In mondo fortemente moralista e quindi non lontano dalla realtà, il regista e sceneggiatore Sebastian Lelio inserisce un personaggio credibile che esige di essere se stesso. La sua è una regia pulita che combina verismo, crudezza ed immaginazione. Mix inusuale che destabilizza (in positivo) il pubblico in sala, che è in grado di provare emozioni rabbiose, coinvolgenti e disperatamente amorevoli.  
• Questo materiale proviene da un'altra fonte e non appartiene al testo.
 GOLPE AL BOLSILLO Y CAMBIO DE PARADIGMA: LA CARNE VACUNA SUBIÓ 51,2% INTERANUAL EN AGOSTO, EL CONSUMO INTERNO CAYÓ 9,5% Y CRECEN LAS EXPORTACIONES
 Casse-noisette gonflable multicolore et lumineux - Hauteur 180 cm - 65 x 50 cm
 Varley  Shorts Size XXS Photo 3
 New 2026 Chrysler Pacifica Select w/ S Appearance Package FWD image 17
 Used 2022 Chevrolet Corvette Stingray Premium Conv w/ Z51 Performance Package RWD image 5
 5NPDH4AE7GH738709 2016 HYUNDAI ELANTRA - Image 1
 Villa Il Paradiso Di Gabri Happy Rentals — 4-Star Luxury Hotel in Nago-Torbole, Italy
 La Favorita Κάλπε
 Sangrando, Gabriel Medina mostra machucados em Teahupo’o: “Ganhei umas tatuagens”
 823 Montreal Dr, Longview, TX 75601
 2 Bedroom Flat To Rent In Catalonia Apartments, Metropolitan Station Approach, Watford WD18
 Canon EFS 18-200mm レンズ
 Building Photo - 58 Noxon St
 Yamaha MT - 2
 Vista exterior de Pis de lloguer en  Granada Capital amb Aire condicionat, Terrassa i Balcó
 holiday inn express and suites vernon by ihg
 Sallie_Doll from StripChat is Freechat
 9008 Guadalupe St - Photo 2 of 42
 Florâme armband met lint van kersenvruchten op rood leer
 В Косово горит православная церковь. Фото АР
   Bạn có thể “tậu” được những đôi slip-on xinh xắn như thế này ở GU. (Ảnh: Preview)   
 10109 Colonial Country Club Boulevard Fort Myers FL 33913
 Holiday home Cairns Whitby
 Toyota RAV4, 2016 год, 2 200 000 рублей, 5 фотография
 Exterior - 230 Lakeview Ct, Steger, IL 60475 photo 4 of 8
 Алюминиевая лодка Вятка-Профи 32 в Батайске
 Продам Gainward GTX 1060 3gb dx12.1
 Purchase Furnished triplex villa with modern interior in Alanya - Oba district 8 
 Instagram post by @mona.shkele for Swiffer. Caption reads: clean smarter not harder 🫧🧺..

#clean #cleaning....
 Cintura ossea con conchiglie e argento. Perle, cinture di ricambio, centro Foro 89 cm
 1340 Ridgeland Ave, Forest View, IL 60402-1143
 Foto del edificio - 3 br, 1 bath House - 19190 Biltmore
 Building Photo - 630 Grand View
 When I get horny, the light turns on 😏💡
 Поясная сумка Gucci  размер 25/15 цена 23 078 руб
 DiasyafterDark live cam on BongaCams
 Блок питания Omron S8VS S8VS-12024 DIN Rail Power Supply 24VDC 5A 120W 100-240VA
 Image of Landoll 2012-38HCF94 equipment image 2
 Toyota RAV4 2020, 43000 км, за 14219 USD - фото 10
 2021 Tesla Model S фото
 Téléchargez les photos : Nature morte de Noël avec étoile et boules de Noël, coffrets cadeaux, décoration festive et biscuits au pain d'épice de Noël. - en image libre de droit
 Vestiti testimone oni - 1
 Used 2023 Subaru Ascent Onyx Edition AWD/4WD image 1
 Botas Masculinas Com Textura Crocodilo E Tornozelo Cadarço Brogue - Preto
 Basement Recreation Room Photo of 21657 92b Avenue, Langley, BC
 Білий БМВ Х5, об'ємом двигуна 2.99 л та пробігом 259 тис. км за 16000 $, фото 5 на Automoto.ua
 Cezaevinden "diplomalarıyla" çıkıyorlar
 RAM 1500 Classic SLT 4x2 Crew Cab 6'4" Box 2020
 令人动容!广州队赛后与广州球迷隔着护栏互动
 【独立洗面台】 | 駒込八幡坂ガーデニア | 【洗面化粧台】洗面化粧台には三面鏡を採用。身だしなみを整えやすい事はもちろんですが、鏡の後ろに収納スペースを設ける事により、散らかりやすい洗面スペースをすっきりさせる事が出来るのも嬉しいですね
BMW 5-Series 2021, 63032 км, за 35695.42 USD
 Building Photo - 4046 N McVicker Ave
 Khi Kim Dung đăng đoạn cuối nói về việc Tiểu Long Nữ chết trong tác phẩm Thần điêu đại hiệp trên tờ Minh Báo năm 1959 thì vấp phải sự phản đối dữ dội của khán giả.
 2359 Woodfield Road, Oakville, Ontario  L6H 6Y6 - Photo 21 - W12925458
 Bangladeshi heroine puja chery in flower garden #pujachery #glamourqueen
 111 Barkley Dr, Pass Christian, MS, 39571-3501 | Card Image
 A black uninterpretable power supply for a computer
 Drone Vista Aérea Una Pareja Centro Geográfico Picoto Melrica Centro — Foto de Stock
Ben scritto e con poche pause, Una Mujer Fantastica è un film che non si nasconde, come il suo regista, figlio della corrente post-dittatura cilena. Il suo furore artistico illuminò la Berlinale 2013 con Gloria (che portò la protagonista Paulina Garcia a vincere il premio come migliore attrice). I due film sono similari nel sotto testo: le donne (con le quali dimostra di lavorare egregiamente) che vincono sulle ingiustizie al maschile. Meno commedia e di conseguenza diventa l’alter ego drammatico di Gloria, ma la voce femminile si sente lo stesso forte e tuonante.
 
Una Mujer Fantastica rappresenterà il Cile ai prossimi premi Oscar. La pellicola sudamericana, che nelle sue pieghe ha chiare influenze del cinema di Almodovar e anche del grande David Linch, è l’esempio lampante di come si possa parlare di diversità senza ricadere nella retorica. Lelio costruisce una storia forte, proponendoci una narrazione che si trasforma in una caccia al tesoro sia materiale che spirituale.